By Lehmann-Scheffe, \(\delta(T) = (1 - 1/n)^T\) is the UMVUE of \(e^{-\lambda}\).

Testing of Hypotheses

Neyman-Pearson theory, UMP tests, likelihood ratio tests, and error analysis.

⚡ Neyman-Pearson Framework

Theorem — Neyman-Pearson Lemma For testing simple hypotheses \(H_0: \theta = \theta_0\) vs \(H_1: \theta = \theta_1\), the most powerful test of size \(\alpha\) has the rejection region: \[\left\{\mathbf{x}: \frac{L(\theta_1|\mathbf{x})}{L(\theta_0|\mathbf{x})} > k\right\}\] where \(k\) is chosen so that \(P_{\theta_0}(\text{reject}) = \alpha\).

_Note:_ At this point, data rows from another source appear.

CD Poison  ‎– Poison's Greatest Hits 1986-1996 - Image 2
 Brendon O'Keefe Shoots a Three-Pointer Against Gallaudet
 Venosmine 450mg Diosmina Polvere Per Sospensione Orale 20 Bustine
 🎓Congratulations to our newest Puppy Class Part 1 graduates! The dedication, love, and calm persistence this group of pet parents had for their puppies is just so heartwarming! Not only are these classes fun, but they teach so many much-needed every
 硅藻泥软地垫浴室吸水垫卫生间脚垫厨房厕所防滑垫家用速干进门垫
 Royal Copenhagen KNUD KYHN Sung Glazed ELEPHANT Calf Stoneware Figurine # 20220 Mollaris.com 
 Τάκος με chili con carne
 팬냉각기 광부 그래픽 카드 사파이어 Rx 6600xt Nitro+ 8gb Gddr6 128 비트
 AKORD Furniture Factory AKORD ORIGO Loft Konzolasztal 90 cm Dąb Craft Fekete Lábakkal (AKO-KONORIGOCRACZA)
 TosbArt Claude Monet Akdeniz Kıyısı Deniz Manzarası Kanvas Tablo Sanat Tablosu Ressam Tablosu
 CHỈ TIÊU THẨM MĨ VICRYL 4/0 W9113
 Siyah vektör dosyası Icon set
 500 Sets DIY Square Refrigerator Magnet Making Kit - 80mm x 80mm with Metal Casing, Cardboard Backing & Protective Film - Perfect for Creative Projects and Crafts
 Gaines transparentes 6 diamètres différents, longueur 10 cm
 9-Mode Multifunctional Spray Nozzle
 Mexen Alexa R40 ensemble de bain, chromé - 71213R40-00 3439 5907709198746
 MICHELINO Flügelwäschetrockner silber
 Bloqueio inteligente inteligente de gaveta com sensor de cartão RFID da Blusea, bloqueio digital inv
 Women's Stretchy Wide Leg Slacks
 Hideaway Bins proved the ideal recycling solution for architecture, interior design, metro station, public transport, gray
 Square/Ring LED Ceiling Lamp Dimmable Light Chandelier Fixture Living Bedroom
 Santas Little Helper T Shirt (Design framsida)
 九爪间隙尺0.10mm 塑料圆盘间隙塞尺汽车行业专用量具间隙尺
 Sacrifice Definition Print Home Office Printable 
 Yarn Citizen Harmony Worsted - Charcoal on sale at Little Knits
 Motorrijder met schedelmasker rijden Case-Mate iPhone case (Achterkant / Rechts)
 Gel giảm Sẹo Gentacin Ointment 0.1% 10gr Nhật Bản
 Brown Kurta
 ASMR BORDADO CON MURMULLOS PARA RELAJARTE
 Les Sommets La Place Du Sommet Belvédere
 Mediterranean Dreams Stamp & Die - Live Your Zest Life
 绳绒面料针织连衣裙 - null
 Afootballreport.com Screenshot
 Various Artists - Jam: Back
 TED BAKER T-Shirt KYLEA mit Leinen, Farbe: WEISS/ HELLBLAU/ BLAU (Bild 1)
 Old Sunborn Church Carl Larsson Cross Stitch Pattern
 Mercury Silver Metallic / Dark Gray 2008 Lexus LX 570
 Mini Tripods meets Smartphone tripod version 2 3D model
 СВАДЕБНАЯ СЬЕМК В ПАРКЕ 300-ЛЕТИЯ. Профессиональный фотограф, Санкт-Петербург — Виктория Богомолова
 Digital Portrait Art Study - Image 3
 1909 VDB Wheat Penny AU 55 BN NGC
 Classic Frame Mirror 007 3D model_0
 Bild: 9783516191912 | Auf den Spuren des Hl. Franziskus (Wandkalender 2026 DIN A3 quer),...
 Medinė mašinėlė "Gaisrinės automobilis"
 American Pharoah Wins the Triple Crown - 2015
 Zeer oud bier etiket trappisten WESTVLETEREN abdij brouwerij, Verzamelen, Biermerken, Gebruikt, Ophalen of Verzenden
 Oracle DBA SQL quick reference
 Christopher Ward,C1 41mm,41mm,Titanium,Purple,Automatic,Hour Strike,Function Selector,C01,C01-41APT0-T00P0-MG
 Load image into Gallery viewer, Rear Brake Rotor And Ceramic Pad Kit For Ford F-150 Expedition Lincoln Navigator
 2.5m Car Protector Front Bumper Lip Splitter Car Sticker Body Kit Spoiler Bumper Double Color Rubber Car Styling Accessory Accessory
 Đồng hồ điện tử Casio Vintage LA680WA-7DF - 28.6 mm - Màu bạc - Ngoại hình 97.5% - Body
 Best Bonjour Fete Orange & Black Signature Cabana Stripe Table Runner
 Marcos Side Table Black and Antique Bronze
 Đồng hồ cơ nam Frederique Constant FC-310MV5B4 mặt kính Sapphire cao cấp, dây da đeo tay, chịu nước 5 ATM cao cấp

This test maximizes the power \(\beta(\theta_1) = P_{\theta_1}(\text{reject})\) among all tests of size \(\le \alpha\).

Definition — UMP Tests & Monotone Likelihood Ratio A family \(\{f(x|\theta)\}\) has monotone likelihood ratio (MLR) in \(T(x)\) if \(f(x|\theta_1)/f(x|\theta_0)\) is non-decreasing in \(T(x)\) whenever \(\theta_1 > \theta_0\). For MLR families:

The test rejecting when \(T > c\) is UMP for \(H_0: \theta \le \theta_0\) vs \(H_1: \theta > \theta_0\)
The power function \(\beta(\theta)\) is non-decreasing
No UMP test exists for two-sided alternatives in general

Definition — Unbiased Tests A test \(\phi\) is unbiased if its power function satisfies \(\beta(\theta) \ge \alpha\) for all \(\theta \in \Theta_1\). For two-sided testing in exponential families, the UMP unbiased (UMPU) test exists and rejects when \(T < c_1\) or \(T > c_2\).

📉 Likelihood Ratio Tests

Theorem — Generalized Likelihood Ratio Test & Wilks' Theorem The generalized likelihood ratio statistic is: \[\Lambda = \frac{\sup_{\theta \in \Theta_0}L(\theta|\mathbf{x})}{\sup_{\theta \in \Theta}L(\theta|\mathbf{x})}\] Reject \(H_0\) when \(\Lambda \le c_\alpha\). Under \(H_0\) and regularity conditions (Wilks' theorem): \[-2\ln\Lambda \xrightarrow{d} \chi^2_r\] where \(r = \dim(\Theta) - \dim(\Theta_0)\). This provides a large-sample test for composite hypotheses.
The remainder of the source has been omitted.